● **THE PROBLEM**
Exact copy, no pictures: return all the data below as written.

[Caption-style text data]
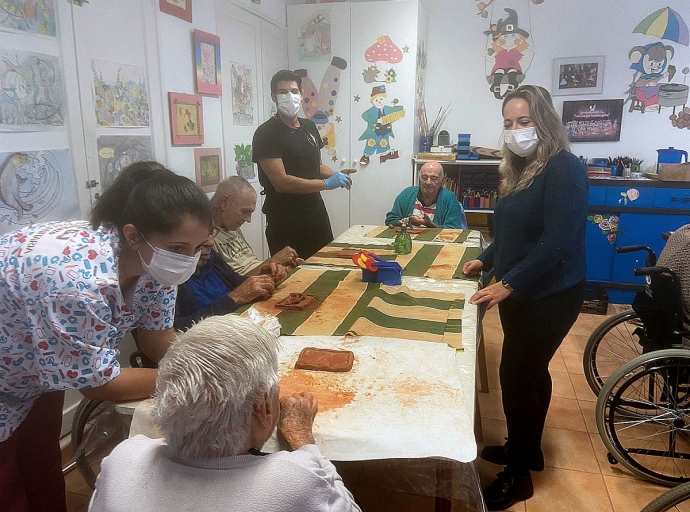 Los mayores 👴👩‍🦳del Hospital de Dolores aprenden cerámica😃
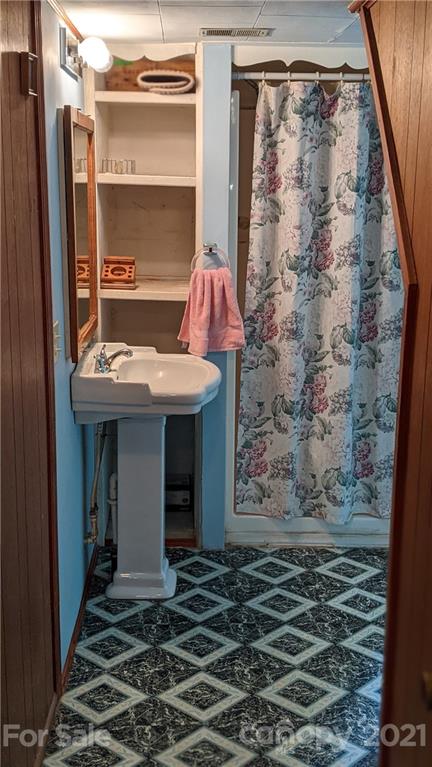 332 Jericho Road Harmony, NC 28634 - Photo 9 of 17 a bathroom with a sink and a mirror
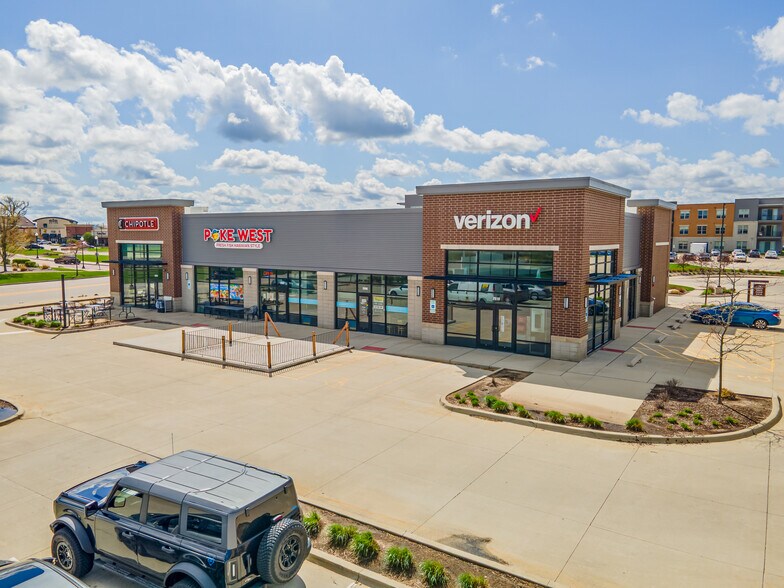 2500-2510 N Randall Rd, Elgin, IL à vendre - Photo de l’immeuble – Image 2 sur 6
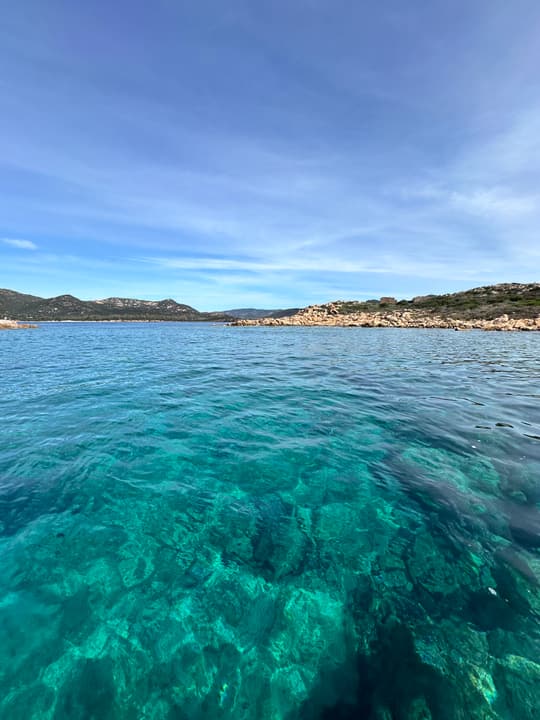 Foto Diving Chia: Scogli e trasparenze. Il fondo si vede a otto metri come fosse a uno.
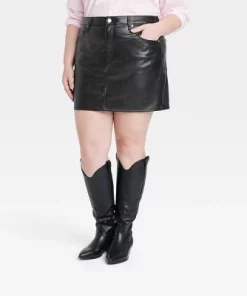 Women's High-Rise Faux Leather Mini Skirt - Universal Thread™ Black -Universal Thread Shop GUEST d9dccce8 b37d 47cf 9f41 09f637e6014e 3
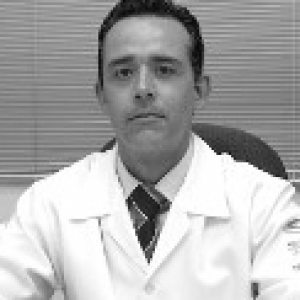 Dr. Eduardo Lanza Padrão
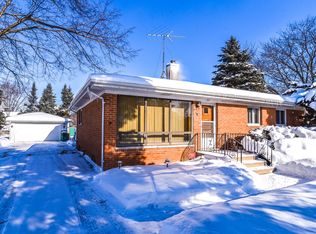 718 W Wood St, McHenry, IL 60051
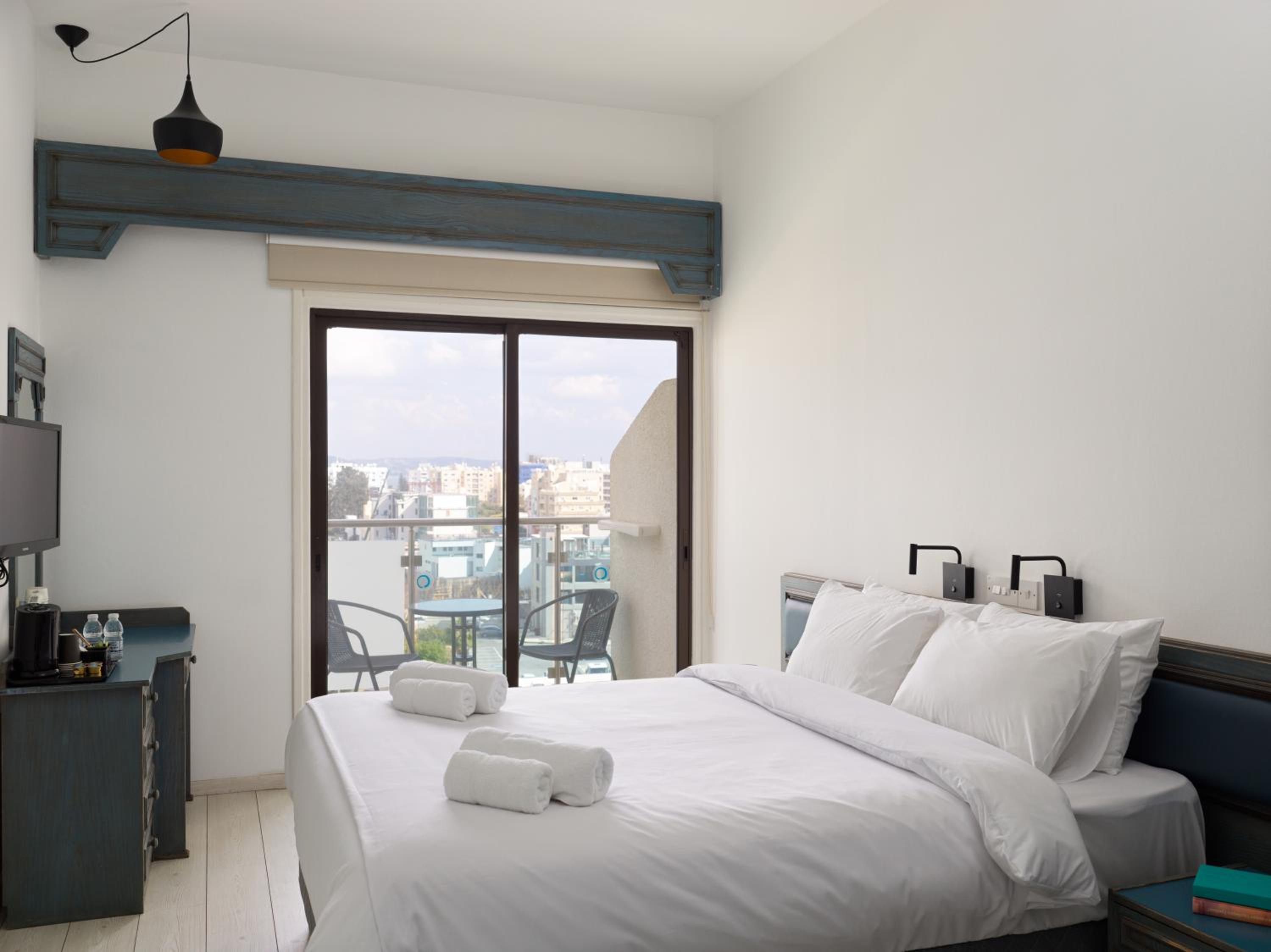 Standard Double Room with Pool View - Photo 3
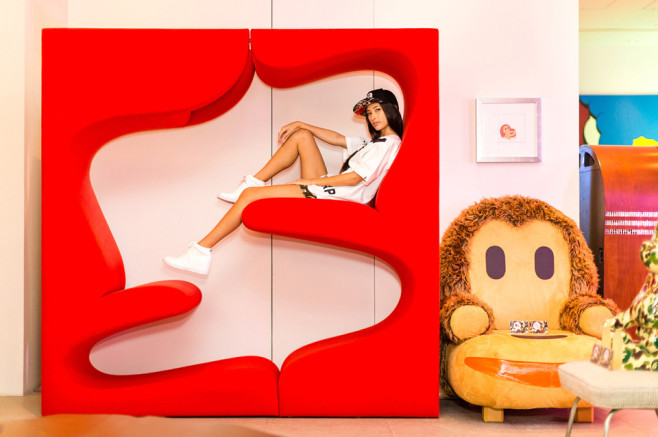 nowhere-a-bathing-ape-presents-bapeland-exhibition-recap-010-960x640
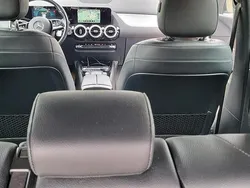 Beige Gebraucht 2021 Mercedes B180 Van / Kleinbus | 15.800 €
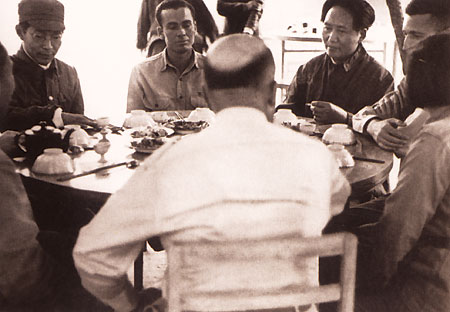 老照片：1944年6月，毛泽东设宴招待中外记者团。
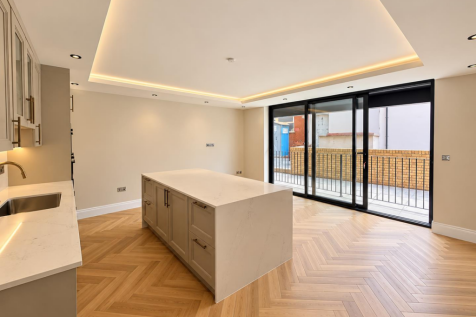 Kitchen/Living area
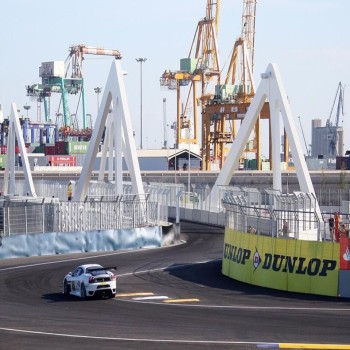 The swing bridge, an important element of the Valencia Street Circuit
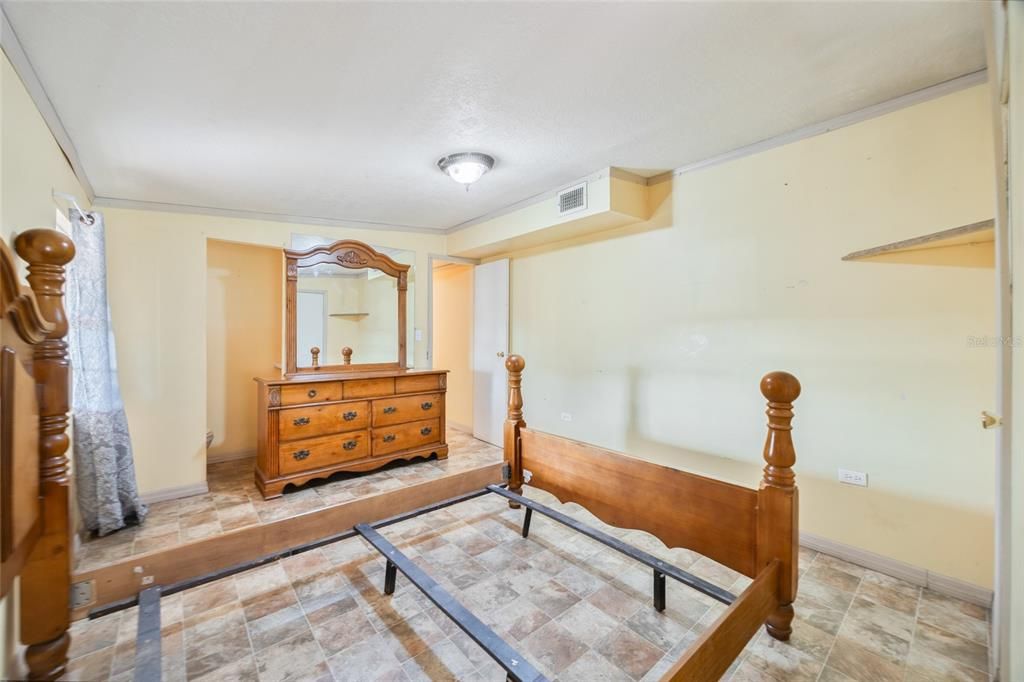 En Venta: $199,900 (2 camas, 1 baños, 924 Pies cuadrados)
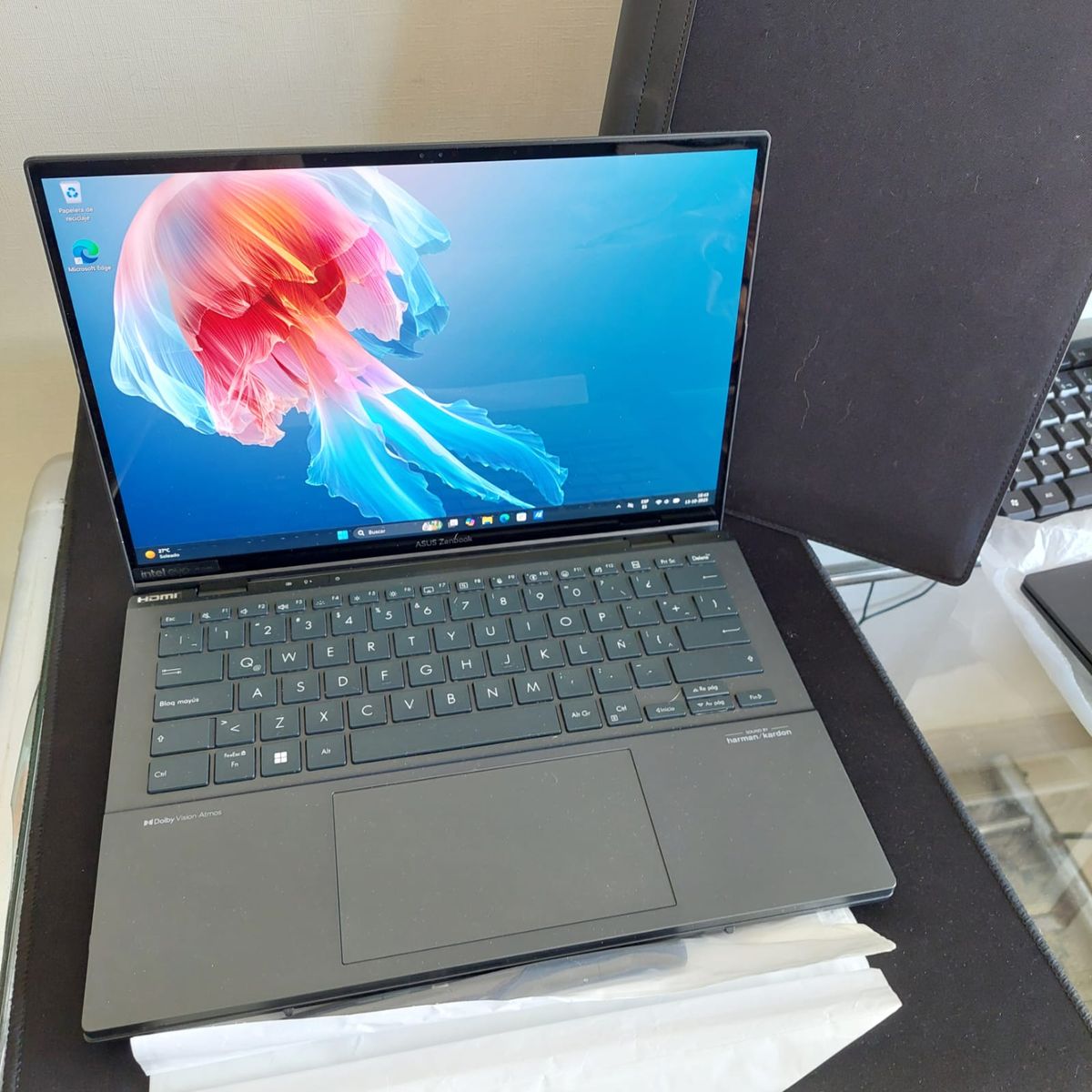 ASUS - Notebook Zenbook DUO UX8406 Intel Core Ultra 9 16 Núcleos 32GB RAM 1TB SSD 14" 3K 120Hz Asus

● **ANSWER BELOW**
 Los mayores 👴👩‍🦳del Hospital de Dolores aprenden cerámica😃
 332 Jericho Road Harmony, NC 28634 - Photo 9 of 17 a bathroom with a sink and a mirror
 2500-2510 N Randall Rd, Elgin, IL à vendre - Photo de l’immeuble – Image 2 sur 6
 Foto Diving Chia: Scogli e trasparenze. Il fondo si vede a otto metri come fosse a uno.
 Women's High-Rise Faux Leather Mini Skirt - Universal Thread™ Black -Universal Thread Shop GUEST d9dccce8 b37d 47cf 9f41 09f637e6014e 3
 Dr. Eduardo Lanza Padrão
 718 W Wood St, McHenry, IL 60051
 Standard Double Room with Pool View - Photo 3
 nowhere-a-bathing-ape-presents-bapeland-exhibition-recap-010-960x640
 Beige Gebraucht 2021 Mercedes B180 Van / Kleinbus | 15.800 €
 老照片：1944年6月，毛泽东设宴招待中外记者团。
 Kitchen/Living area
 The swing bridge, an important element of the Valencia Street Circuit
 En Venta: $199,900 (2 camas, 1 baños, 924 Pies cuadrados)
 ASUS - Notebook Zenbook DUO UX8406 Intel Core Ultra 9 16 Núcleos 32GB RAM 1TB SSD 14" 3K 120Hz Asus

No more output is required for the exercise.